There are a few exceptions. We almost exclusively use:
- Baking Soda
- Castile Soap
Mostly just the vinegar and baking soda though. We bought one jar of the castile soap and it’s lasted us years.
I use the vinegar in a spray bottle and wash our fruits and veggies.
I also use it to spray down surfaces to clean them.
For carpet and upholstery, I use the baking soda.
Adding in a bit of sweet orange essential oils makes it smell divine.
They work like a charm, they get the job done and I don’t feel guilty about using harmful chemicals around my children.
We also don’t use fabric softener or dryer sheets. (Again, loaded with chemicals) And save us a few dollars every month.
Amount saved: $50 from various cleaning supplies
17. We Don’t Pay for Music
Another thing we don’t buy is music!
Back in the day, I used to love buying new CDs from my favorite bands.
But now, music is so readily available, there’s no reason to buy it.
You can listen to nearly any song you want, for free on Youtube.
You can also stream music with Spotify and Pandora for free.
Yes, there are ads, and no you can’t make a playlist.
But it’s a small sacrifice in the name of saving for your dream.
18. Product Warranties
We never buy product warranties.
For the most part they useless. More expensive items, like televisions or refrigerators, come with a warranty for a certain amount of years.
These items usually don’t break due to faulty issues, which is what the warranty covers.
Most items that break are due to accidents or freak electrical surges, which aren’t covered anyway.
Plus, if you take all the money you would have spent on warranties for every product, you could more than pay for a new one that one time something does break.

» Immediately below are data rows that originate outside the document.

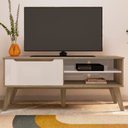 Ver imagem 2 de Rack Bancada para Tv 60 Pol 134 Cm 4600 Carvalho Off White Arly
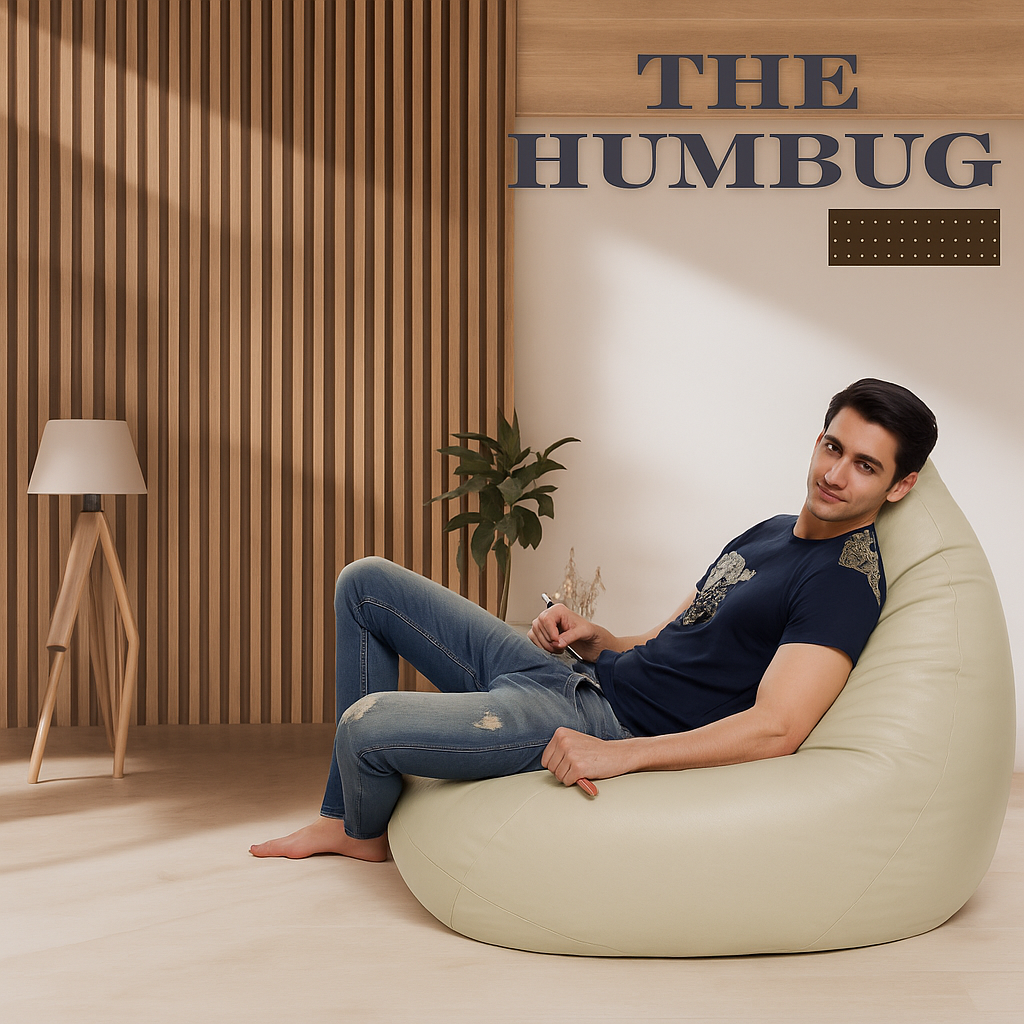 Style Homez HUMBUG, Premium Leatherette Fabric Lounger XXL Bean Bag BEIGE Color Filled with Beans Fillers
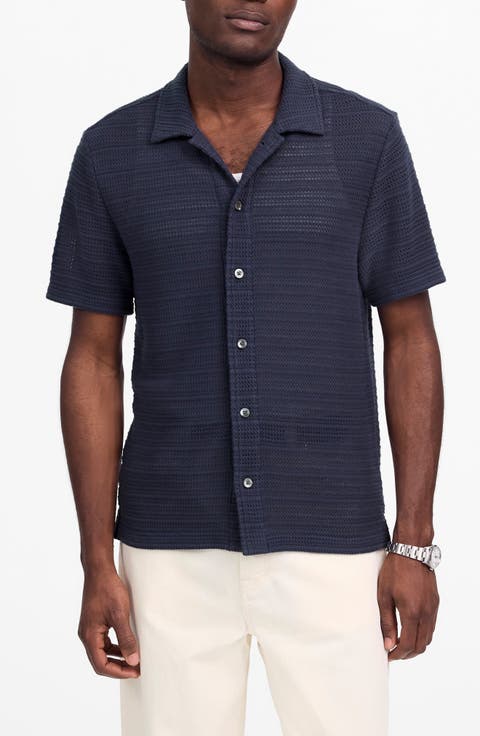 Jacquard Knit Short Sleeve Button-Up Shirt
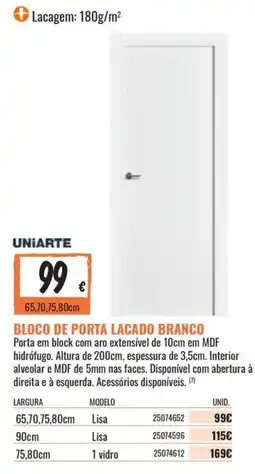 Obramat Bloco de porta lacado branco uniar promoção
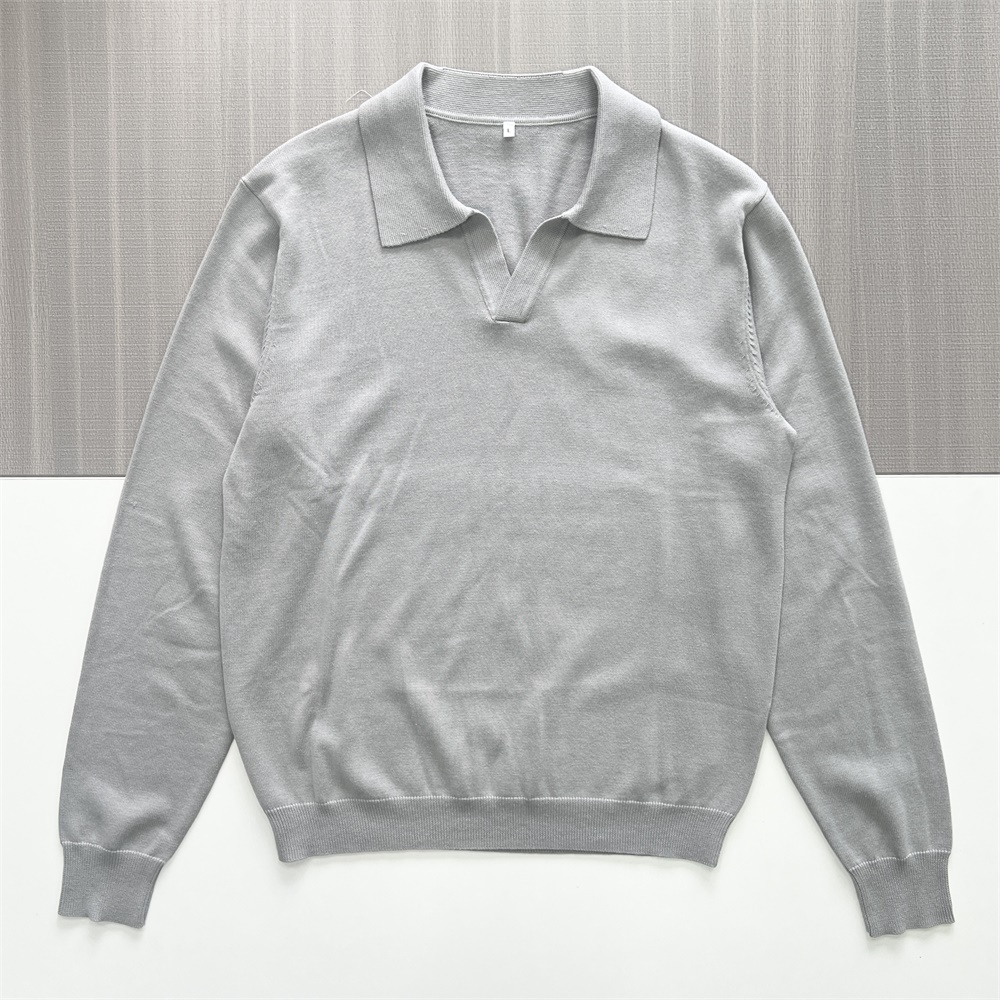 Мужское вязаное поло Heather Gray из вереска серого цвета: V-образный вырез горловины, длинный рукав, Повседневная одежда вне времени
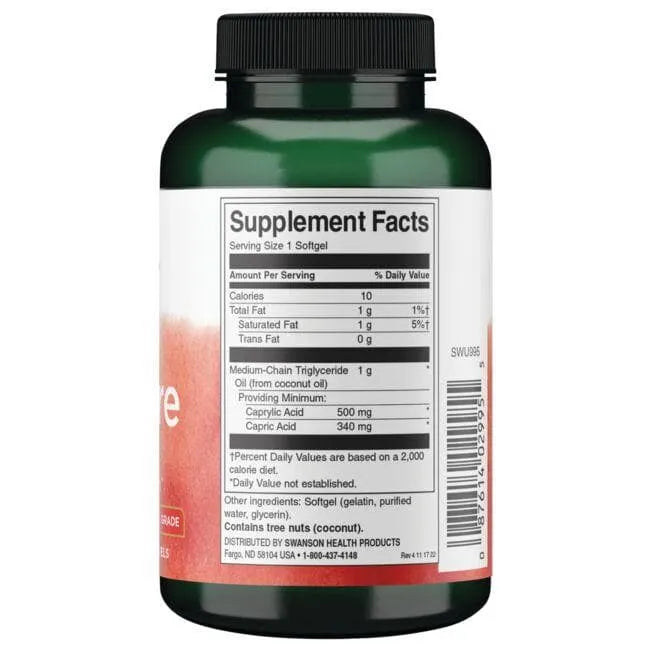 MCT Pure - Energijai - Metabolizmui - 1000 mg - N90 - Swanson - Papildai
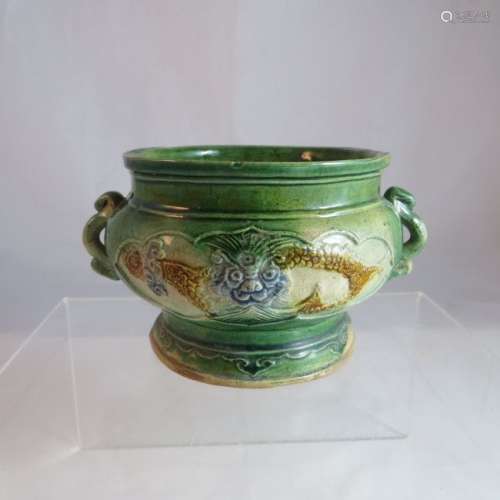 Chinese Liao Sancai Glazed Censer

Amount saved: All depends on the product.
19. Magazine Subscriptions
I used to love magazines is my younger days.
Now, however, there is so much interesting things to read on the internet, for free, they are almost pointless.
Magazines have become nearly one large ad campaign and that’s it.

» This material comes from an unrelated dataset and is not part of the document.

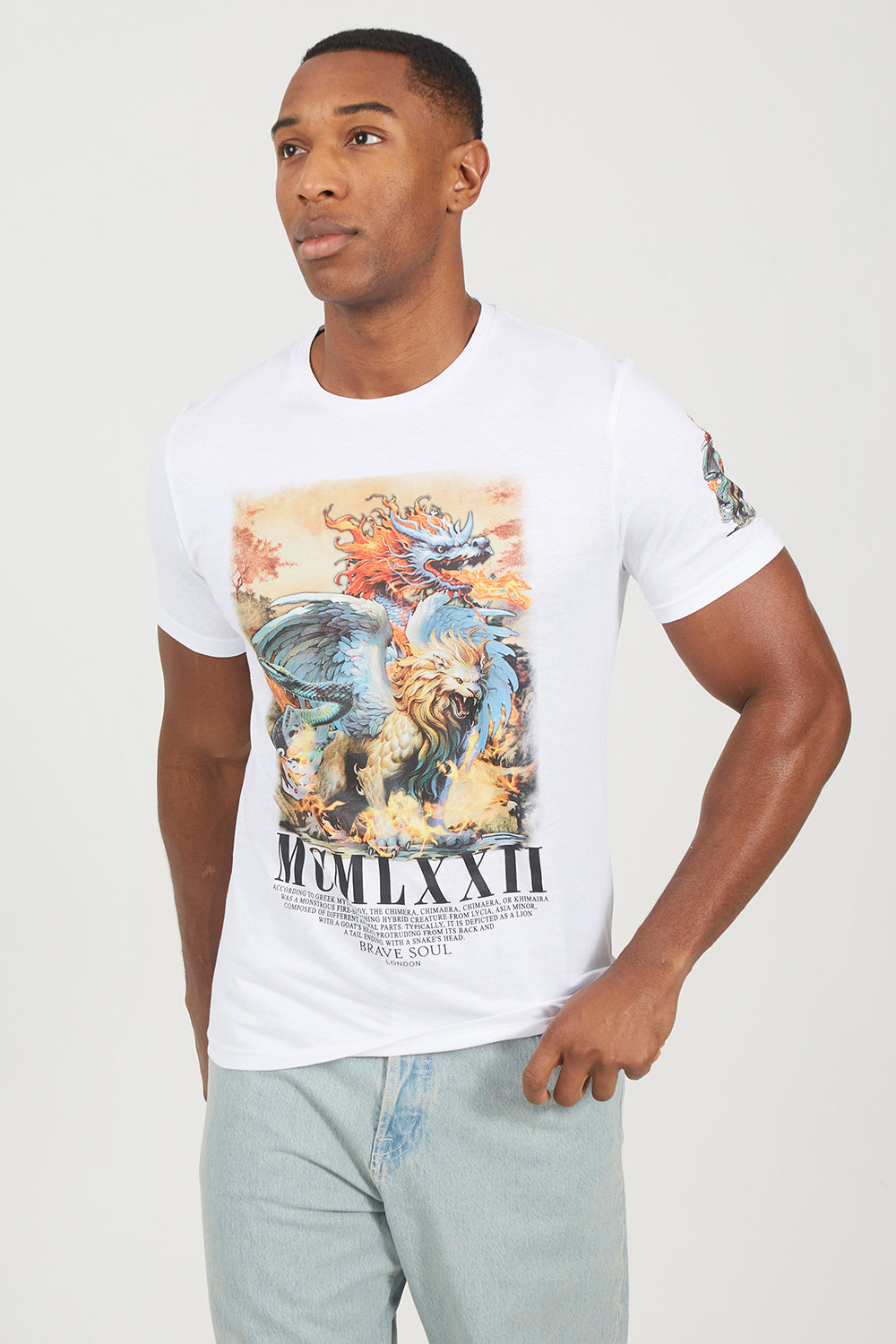 Brave Soul White Cotton Crew Neck Graphic T-Shirt - White Image 1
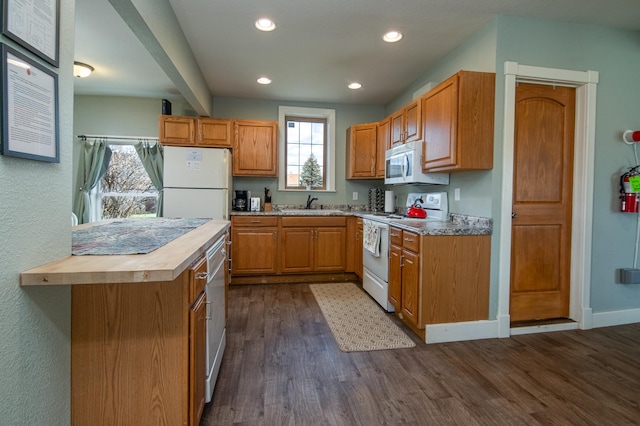 311 Prairie St, Lake City, MN 55041 - kitchen featuring white appliances, a sink, dark wood-style floors, and a healthy amount of sunlight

I was flipping through an old favorite of mine at the grocery store and realized half the pages were just ads!
While I definitely don’t mind ads (I get it! I work as a content provider as well!) I do expect a little more bang for my buck.

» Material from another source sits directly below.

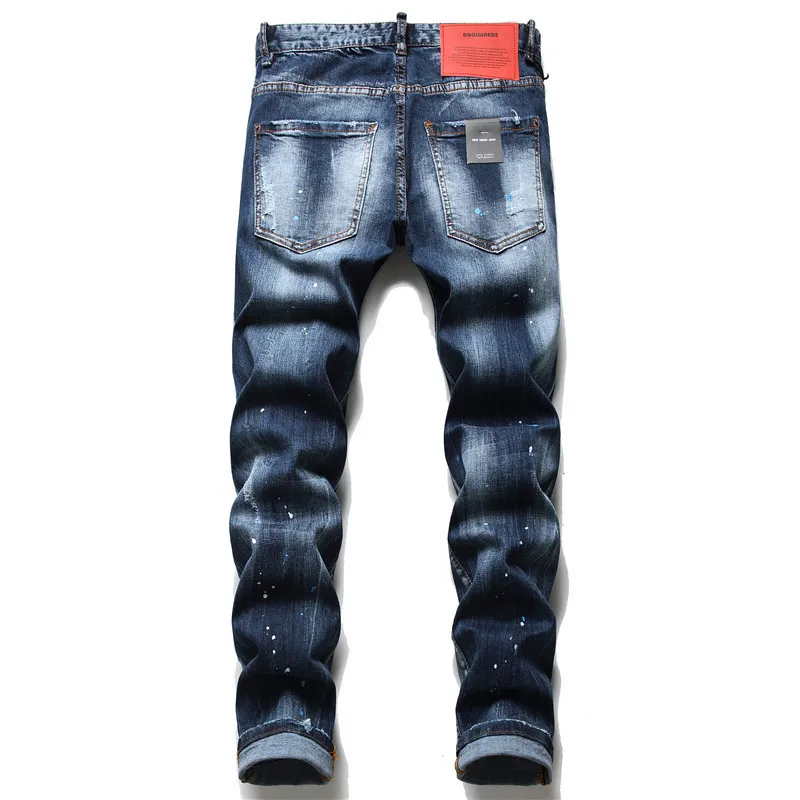 Dark Blue New Red Leather Brand DQS2 Paint throwing and color matching hip hop cotton elastic pants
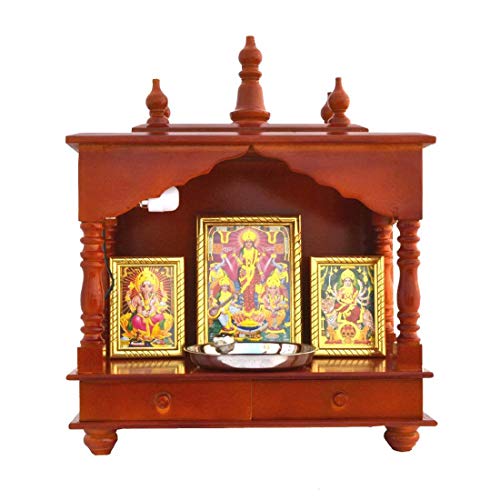Templo de madera hindú para meditación en casa con puertas decoradas y espacio para puja thali 2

There was very little useful (or even fun!) content.
Amount saved: Varies widely, at least $20 a month.
20. We Don’t Buy Books
At least, we don’t buy books anymore.
While we both love reading, we have stopped buying books over the last few years.
The library has nearly everything we are looking for.
If it doesn’t or it’s a book we need to use long term, we buy an ebook version. (But very rarely.)
Ebooks are much cheaper and very convenient to store.
Amount saved: Varies widely, if you buy one book a month, you’d save at least around $12 per month.
21. Prepackaged Food
We try not to buy anything already prepacked food items.
Your paying for the convenience of not having to prepare the food.
This is especially true in the deli sections of the grocery store.
Those prepackaged sandwiches or crackers and cheese trays are way more expensive than if you were to buy the products individually and make it yourself.
Amount saved: $20 dollars per month
22. Precut Anything
When grocery shopping we don’t buy cut up baby carrots or fruits already cup up and served in a cup.
Its similar to the pre-packaged foods.
Buying a big bag of carrots it’s way cheaper than that tiny bag of shredded carrots.
And will last a lot longer.
Again, you’re paying for convenience.